Four types, in priority order. Implement these well and you’ve done 80% of the useful schema work for a law firm site in 2026.

LegalService (or Attorney). The foundational layer. Done right, it tells every machine: this organization is a law firm, here’s the practice area, here’s the service area, here are the credentials. Most firms have a shell of this and most agencies fill it with the obvious fields. Where it falls apart is the practice-area enumeration. A firm doing PI, family, and estate should have those expressed as discrete service offerings, not lumped into a single description string. That detail is what gives an AI summarizer enough information to confidently cite you for the right practice area. Detail on schema for law firms here.

Person (for the attorneys). Every attorney bio page should have Person schema with credentials, bar admissions, years of practice, and affiliations. The reason isn’t a knowledge panel — most firms won’t get one. The reason is that AI systems are trained to weight cited information higher when the source is attributable to an identifiable expert. Person schema is the structured form of “this article was written by a real lawyer with real credentials.” Skip it and you’re indistinguishable from generic legal content in the AI’s source-quality calculation.

FAQPage — used differently than before. FAQ rich results in the SERP are gone for legal queries. FAQPage schema as a structured-fact-extraction signal is more valuable than ever. It pays on Q&A pages built around high-intent queries — “what is the statute of limitations on a car accident in Arizona.” Mark up as FAQPage, write the answer concisely as the first sentence, then expand. AI Overviews disproportionately cite pages structured this way because the machine can extract the precise answer fragment without interpreting a paragraph. More on what schema law firms actually need here.

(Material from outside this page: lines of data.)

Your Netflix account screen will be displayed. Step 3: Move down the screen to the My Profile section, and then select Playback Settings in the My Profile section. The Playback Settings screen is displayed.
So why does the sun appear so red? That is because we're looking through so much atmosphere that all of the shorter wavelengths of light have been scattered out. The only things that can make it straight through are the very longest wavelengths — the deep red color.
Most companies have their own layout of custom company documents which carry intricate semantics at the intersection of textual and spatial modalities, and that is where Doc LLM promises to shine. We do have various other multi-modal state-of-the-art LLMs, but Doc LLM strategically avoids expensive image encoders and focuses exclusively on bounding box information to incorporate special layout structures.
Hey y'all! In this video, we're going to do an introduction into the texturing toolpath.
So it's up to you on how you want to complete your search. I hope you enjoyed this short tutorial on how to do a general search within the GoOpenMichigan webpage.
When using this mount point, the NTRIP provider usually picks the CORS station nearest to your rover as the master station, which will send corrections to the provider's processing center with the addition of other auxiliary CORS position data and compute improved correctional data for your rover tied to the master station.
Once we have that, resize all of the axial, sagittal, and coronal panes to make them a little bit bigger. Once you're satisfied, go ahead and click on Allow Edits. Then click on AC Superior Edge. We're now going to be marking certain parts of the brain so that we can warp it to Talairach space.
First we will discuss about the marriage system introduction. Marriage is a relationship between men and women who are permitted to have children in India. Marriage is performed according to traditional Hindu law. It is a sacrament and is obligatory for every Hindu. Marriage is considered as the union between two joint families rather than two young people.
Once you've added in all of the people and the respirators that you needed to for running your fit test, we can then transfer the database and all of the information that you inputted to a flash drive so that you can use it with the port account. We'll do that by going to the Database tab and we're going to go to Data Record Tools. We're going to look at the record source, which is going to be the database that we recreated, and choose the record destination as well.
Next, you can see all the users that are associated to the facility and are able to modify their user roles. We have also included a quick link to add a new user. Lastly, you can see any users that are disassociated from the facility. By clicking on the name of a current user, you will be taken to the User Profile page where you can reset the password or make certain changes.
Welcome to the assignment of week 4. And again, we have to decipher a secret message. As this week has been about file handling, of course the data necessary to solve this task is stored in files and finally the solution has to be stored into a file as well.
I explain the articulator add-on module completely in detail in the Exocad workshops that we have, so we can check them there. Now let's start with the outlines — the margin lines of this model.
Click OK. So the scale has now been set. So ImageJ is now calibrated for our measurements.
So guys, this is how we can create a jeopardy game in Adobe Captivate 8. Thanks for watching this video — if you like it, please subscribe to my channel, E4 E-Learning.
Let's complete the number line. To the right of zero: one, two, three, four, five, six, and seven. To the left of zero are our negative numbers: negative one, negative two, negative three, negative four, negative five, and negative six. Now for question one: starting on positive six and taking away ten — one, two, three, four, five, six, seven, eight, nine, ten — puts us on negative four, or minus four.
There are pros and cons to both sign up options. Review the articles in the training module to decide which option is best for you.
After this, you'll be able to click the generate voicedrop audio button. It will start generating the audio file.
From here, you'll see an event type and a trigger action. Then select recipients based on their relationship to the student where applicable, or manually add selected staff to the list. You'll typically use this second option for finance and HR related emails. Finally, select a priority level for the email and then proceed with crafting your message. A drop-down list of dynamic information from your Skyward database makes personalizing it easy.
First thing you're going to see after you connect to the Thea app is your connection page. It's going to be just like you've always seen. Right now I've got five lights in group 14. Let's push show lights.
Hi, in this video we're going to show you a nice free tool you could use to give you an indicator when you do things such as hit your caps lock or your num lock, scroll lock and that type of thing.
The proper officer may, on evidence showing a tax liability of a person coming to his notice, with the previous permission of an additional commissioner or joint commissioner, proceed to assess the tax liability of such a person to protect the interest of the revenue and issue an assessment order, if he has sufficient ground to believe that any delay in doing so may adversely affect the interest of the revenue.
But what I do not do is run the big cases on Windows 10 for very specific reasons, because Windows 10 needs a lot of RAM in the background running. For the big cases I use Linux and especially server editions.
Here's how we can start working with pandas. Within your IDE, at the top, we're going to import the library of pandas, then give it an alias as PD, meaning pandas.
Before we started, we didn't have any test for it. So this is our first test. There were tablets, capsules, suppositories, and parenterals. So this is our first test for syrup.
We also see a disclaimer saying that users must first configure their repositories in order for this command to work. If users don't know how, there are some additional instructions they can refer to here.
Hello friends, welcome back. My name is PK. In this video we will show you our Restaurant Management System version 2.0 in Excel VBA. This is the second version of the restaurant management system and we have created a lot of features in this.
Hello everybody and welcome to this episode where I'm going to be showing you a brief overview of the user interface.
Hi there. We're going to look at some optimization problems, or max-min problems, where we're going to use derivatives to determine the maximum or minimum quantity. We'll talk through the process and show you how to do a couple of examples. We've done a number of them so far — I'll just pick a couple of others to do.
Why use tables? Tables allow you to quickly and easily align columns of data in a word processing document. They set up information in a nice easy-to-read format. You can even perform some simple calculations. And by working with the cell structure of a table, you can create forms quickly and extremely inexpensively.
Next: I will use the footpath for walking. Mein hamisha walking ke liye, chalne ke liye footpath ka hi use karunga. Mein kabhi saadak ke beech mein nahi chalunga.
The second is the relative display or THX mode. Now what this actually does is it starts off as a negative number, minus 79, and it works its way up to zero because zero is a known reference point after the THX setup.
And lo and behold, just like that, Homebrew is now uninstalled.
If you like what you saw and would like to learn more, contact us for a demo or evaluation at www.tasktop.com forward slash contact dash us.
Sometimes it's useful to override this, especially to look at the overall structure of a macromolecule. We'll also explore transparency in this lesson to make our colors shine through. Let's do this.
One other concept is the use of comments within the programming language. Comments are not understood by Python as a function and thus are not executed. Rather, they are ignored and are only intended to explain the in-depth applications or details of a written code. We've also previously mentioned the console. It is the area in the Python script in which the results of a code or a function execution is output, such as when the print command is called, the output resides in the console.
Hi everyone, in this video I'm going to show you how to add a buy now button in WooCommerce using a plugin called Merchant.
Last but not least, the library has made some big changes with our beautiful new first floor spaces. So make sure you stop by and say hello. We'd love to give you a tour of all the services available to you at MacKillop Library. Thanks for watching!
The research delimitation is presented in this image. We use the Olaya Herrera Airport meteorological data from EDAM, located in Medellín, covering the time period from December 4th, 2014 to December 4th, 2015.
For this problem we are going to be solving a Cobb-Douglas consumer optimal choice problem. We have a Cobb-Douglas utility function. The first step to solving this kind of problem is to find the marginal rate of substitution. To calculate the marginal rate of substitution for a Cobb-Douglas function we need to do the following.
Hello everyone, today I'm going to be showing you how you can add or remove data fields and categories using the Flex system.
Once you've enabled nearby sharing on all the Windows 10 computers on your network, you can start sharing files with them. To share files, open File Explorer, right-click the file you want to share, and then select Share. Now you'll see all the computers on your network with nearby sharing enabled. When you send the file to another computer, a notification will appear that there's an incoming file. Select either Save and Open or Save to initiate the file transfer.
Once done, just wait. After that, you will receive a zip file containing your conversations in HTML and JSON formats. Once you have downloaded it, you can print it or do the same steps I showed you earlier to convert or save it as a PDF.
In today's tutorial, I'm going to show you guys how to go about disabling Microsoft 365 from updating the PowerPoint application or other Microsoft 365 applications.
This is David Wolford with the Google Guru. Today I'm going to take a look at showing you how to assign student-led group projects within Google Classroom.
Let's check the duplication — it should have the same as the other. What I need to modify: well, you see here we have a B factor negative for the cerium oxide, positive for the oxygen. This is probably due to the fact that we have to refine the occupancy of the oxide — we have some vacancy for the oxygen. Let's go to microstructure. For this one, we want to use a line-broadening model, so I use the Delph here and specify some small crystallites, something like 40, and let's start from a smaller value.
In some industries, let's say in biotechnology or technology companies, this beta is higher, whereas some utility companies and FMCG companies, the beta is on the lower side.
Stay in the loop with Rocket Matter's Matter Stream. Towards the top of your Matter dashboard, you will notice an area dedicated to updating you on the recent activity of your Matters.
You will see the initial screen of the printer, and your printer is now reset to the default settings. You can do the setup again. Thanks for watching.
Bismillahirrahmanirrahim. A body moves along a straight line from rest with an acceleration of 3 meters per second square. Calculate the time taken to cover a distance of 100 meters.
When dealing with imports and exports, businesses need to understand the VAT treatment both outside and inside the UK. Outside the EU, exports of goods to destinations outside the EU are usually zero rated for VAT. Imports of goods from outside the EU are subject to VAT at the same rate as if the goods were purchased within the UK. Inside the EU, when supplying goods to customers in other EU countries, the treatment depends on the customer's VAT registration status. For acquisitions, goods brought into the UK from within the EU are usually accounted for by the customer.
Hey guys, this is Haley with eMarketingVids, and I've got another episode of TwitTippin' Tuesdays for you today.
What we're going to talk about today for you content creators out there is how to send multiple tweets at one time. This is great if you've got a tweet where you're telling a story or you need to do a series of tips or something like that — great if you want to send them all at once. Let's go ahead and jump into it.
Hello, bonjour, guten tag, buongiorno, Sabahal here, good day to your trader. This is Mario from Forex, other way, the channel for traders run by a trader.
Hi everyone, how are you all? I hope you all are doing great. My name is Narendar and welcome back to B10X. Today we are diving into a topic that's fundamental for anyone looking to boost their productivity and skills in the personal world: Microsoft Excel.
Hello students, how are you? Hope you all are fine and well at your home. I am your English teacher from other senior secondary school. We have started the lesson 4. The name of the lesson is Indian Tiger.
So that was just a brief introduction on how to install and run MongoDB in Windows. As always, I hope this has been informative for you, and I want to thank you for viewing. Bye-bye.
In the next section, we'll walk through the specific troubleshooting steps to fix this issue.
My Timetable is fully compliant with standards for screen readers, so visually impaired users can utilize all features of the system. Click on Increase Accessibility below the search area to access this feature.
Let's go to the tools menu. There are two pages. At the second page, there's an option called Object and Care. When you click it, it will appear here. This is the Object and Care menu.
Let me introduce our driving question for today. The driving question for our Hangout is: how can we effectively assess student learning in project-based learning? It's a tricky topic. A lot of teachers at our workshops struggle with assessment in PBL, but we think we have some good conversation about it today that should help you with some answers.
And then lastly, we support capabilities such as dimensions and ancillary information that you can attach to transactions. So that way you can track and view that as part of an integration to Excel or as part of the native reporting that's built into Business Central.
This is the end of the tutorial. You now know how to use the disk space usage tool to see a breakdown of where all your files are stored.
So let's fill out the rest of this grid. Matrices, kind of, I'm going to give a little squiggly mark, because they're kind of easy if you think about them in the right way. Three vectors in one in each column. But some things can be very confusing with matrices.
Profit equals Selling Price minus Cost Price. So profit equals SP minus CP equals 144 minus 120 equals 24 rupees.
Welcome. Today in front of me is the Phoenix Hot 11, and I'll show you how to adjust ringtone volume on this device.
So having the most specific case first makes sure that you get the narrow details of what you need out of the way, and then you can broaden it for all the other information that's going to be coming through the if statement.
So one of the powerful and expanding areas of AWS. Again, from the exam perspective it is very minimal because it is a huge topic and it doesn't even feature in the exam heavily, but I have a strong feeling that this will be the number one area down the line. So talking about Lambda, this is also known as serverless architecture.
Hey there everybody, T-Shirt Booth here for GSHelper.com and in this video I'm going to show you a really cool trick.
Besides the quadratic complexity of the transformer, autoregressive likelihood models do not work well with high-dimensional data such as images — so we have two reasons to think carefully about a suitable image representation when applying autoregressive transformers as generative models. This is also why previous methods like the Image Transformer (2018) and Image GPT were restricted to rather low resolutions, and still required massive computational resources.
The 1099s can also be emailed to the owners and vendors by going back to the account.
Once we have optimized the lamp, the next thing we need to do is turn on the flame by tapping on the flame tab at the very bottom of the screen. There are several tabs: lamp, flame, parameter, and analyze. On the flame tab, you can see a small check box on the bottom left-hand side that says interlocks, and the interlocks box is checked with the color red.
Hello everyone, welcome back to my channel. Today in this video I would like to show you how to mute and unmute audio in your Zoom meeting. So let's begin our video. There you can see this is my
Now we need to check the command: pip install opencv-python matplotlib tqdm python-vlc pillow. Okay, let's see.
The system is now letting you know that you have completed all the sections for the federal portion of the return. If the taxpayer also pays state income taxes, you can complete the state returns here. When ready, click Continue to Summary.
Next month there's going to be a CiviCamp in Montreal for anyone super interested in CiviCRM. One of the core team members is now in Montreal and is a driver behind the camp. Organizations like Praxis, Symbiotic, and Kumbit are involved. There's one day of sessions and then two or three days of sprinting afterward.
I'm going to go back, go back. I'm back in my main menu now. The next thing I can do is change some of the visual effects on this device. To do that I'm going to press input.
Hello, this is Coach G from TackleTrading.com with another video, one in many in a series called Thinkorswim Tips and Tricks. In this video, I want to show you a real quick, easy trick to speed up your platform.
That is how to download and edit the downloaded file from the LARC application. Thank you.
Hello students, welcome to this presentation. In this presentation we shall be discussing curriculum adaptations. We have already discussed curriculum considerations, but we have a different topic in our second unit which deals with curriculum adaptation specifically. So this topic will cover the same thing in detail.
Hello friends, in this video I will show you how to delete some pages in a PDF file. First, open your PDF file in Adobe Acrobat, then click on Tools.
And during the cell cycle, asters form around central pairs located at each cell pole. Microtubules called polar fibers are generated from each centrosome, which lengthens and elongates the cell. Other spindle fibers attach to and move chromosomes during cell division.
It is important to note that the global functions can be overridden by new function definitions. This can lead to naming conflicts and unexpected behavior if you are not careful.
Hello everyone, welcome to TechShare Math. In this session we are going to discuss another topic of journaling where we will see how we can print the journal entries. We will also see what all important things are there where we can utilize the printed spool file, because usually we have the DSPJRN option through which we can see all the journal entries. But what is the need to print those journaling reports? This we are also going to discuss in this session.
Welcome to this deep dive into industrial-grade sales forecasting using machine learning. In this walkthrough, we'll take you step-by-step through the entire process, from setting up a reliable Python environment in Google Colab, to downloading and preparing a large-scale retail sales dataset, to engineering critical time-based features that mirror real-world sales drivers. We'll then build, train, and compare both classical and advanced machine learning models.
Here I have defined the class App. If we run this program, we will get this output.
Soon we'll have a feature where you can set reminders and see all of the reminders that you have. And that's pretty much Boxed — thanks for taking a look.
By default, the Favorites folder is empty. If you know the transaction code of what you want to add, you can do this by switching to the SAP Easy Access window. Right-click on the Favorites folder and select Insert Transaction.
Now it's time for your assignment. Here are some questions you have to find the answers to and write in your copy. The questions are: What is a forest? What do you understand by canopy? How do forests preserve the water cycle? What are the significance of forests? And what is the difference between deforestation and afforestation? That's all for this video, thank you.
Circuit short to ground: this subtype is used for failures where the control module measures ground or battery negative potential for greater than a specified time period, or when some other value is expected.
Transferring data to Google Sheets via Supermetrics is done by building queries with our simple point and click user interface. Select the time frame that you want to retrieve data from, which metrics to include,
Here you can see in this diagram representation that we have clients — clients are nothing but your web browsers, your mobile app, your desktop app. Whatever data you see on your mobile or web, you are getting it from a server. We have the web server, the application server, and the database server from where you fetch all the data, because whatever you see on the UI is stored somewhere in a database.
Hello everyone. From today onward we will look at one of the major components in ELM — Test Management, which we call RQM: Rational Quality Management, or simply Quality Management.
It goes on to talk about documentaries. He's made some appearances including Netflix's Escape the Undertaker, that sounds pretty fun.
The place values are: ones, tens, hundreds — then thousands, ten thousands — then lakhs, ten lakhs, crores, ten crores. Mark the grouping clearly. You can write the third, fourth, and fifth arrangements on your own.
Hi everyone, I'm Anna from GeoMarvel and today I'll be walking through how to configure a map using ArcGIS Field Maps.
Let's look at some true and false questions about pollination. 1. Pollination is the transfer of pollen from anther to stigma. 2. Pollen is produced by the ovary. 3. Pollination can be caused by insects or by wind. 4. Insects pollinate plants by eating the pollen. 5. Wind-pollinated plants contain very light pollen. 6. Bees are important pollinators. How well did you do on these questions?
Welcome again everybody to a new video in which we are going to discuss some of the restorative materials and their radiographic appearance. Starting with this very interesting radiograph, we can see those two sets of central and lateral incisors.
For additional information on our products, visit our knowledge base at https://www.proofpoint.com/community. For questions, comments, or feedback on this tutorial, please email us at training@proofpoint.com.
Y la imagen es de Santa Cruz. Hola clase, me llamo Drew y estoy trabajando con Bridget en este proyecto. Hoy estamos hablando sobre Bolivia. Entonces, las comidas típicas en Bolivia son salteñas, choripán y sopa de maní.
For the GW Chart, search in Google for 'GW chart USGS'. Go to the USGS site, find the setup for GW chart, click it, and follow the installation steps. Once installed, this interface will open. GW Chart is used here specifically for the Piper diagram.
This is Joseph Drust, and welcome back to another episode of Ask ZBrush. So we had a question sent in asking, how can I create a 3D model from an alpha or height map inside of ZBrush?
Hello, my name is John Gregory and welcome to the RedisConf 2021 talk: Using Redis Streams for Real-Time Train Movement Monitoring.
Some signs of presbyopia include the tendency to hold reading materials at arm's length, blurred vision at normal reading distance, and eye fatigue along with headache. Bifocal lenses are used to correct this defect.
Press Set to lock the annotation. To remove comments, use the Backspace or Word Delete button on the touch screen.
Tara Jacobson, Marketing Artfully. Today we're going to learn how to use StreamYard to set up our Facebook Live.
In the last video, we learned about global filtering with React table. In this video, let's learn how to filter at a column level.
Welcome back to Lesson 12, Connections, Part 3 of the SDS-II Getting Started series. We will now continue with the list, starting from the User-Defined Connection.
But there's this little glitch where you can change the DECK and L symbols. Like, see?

BreadcrumbList. The least sexy of the four and one of the most under-implemented. Breadcrumb schema helps every crawler understand your information hierarchy — practice area → subtopic → answer page. For AI citation, that hierarchy is a confidence signal. A page in a clear topical neighborhood is more likely to be cited than an orphaned page that could be about anything. Most law firm sites don’t have it at all. The fix is twenty minutes.

Schema isn’t about looking better in the search results anymore. It’s about making it easier for an AI to decide your page is worth quoting. The firms that get that distinction right are the ones who’ll still be visible when the SERP is mostly AI.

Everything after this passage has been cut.